> [Task item]
Beginning with the line that contains "Low-poly 3D model", retype the entries below exactly, ending with the line that contains "Bold Typografy Yellow". Leave out any pictures.

> [Entries provided]
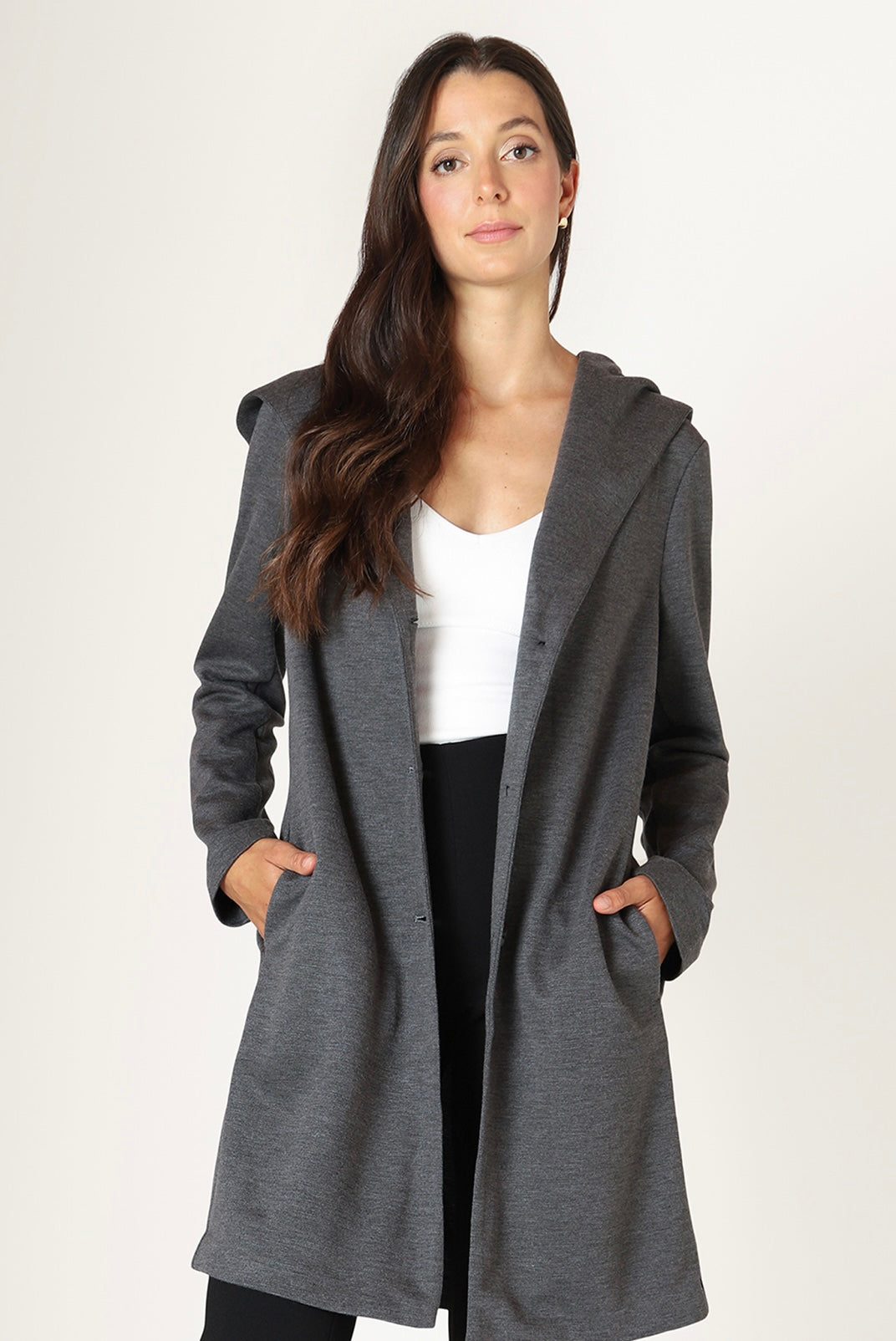 Charcoal Hooded Cardigan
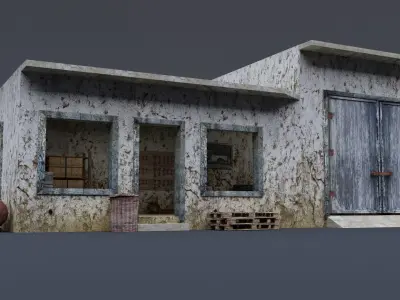 Old Garage  Low-poly 3D model
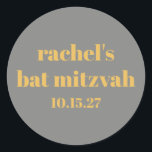 Bold Typografy Yellow Gray Custom Bat Mitzvah Runder Aufkleber<br><div class="desc">Dicke Typografie Gelb und Grau Niedliches Bat Mitzvah Klassischer Rundsticker</div>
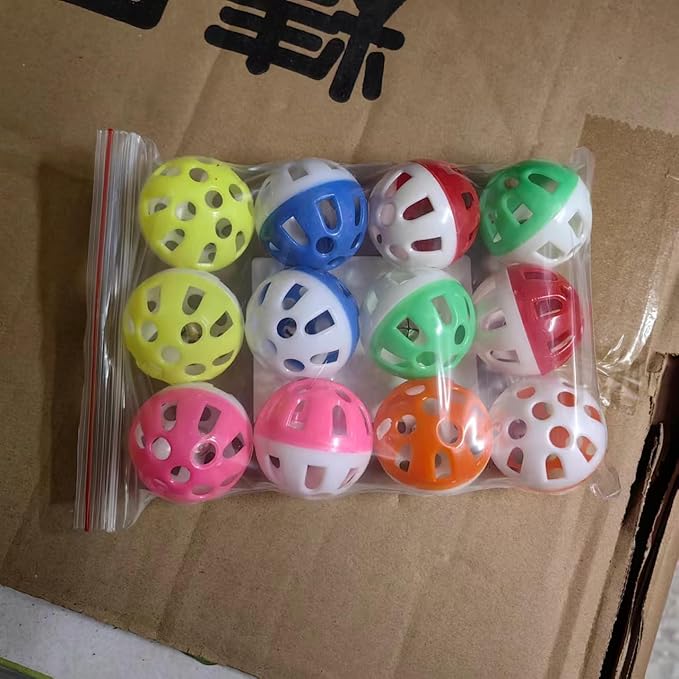 12PCS 4CM Cat Toy Ball with Bell, Pet Ball Kitten Toy with Bell Cat Jingle Balls for Cats Kitten, Plastic Jingle Balls Pounce Chase Rattle Toys, Random Color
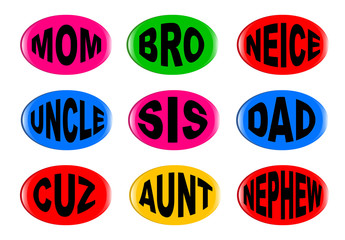Isolated Family Buttons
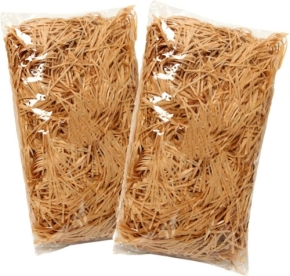 ქაღალდის ბურბუშელა სასაჩუქრე შეფუთვისთვის, 100გრ. ჩალისფერი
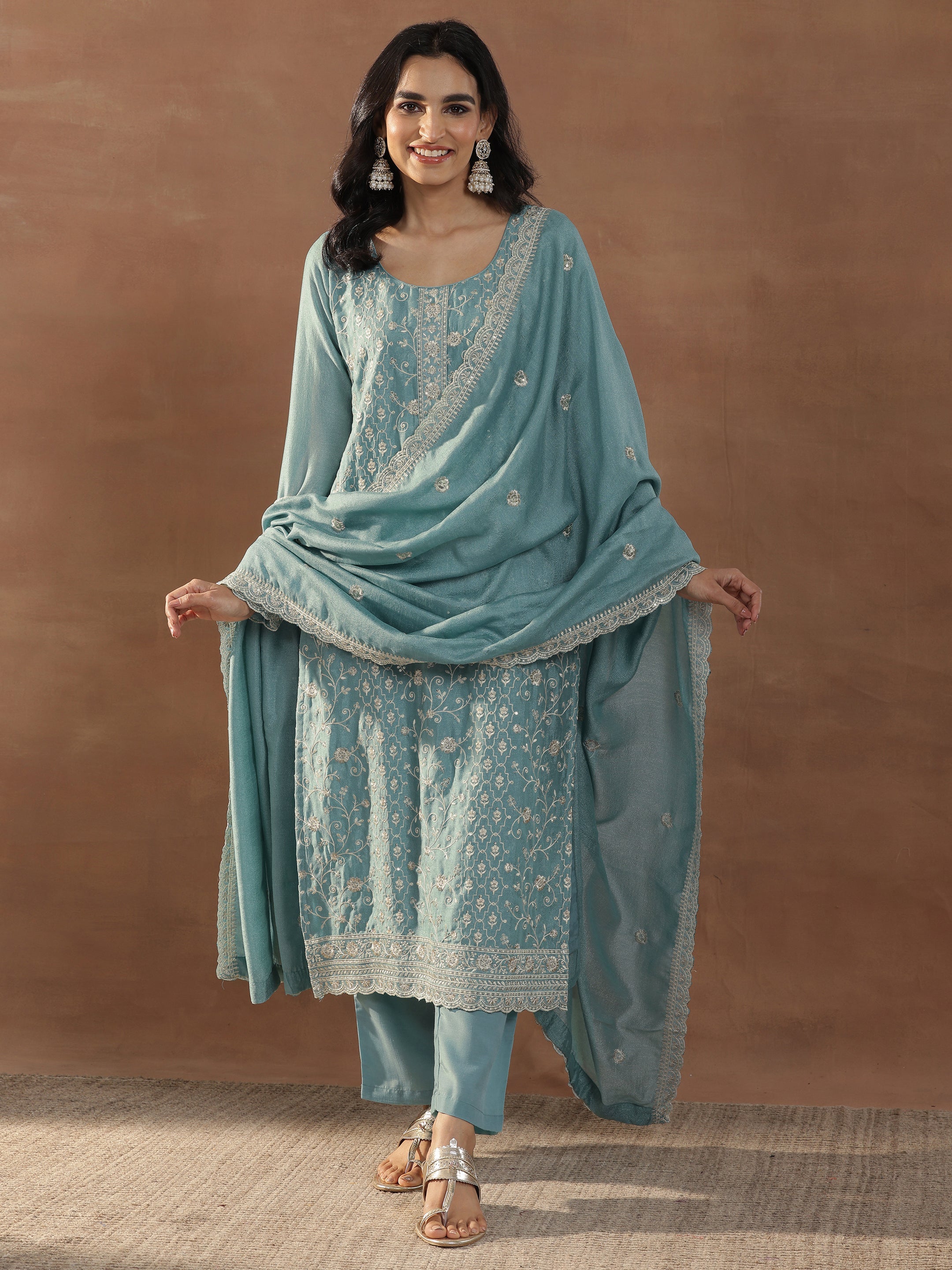 Blue Embroidered Silk Blend Straight Suits With Dupatta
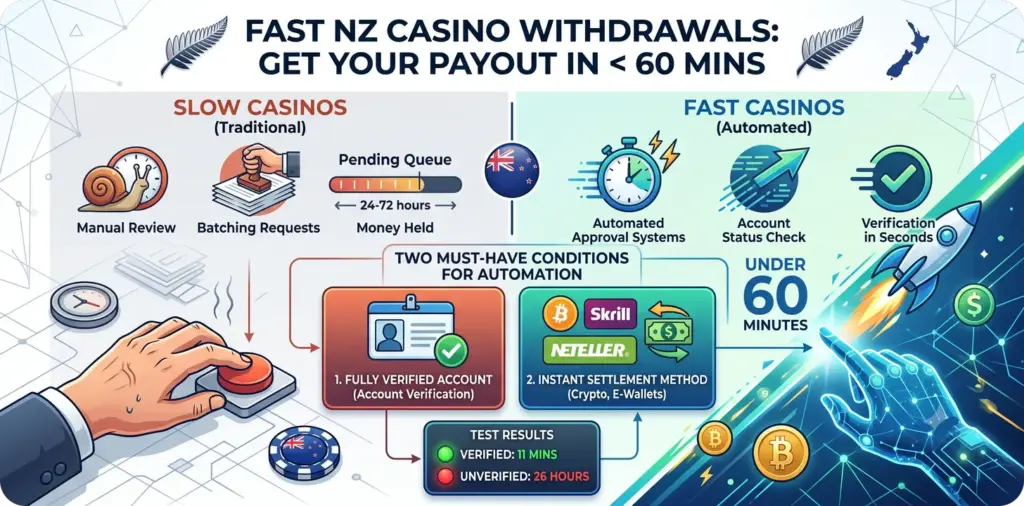 How a 1 hour withdrawal casino processes instant payouts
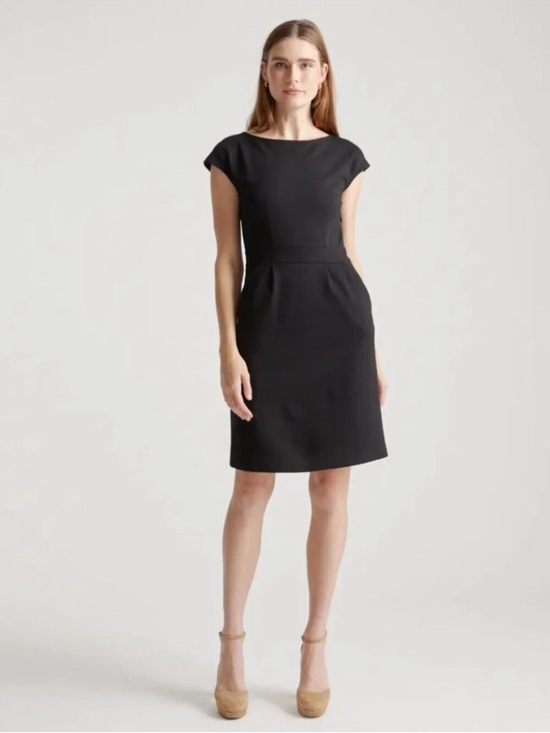 Quince Dresses & Skirts - Quince Black Cap-Sleeve Midi Sheath Dress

> [Worked solution]
 Old Garage  Low-poly 3D model
 Bold Typografy Yellow Gray Custom Bat Mitzvah Runder Aufkleber<br><div class="desc">Dicke Typografie Gelb und Grau Niedliches Bat Mitzvah Klassischer Rundsticker</div>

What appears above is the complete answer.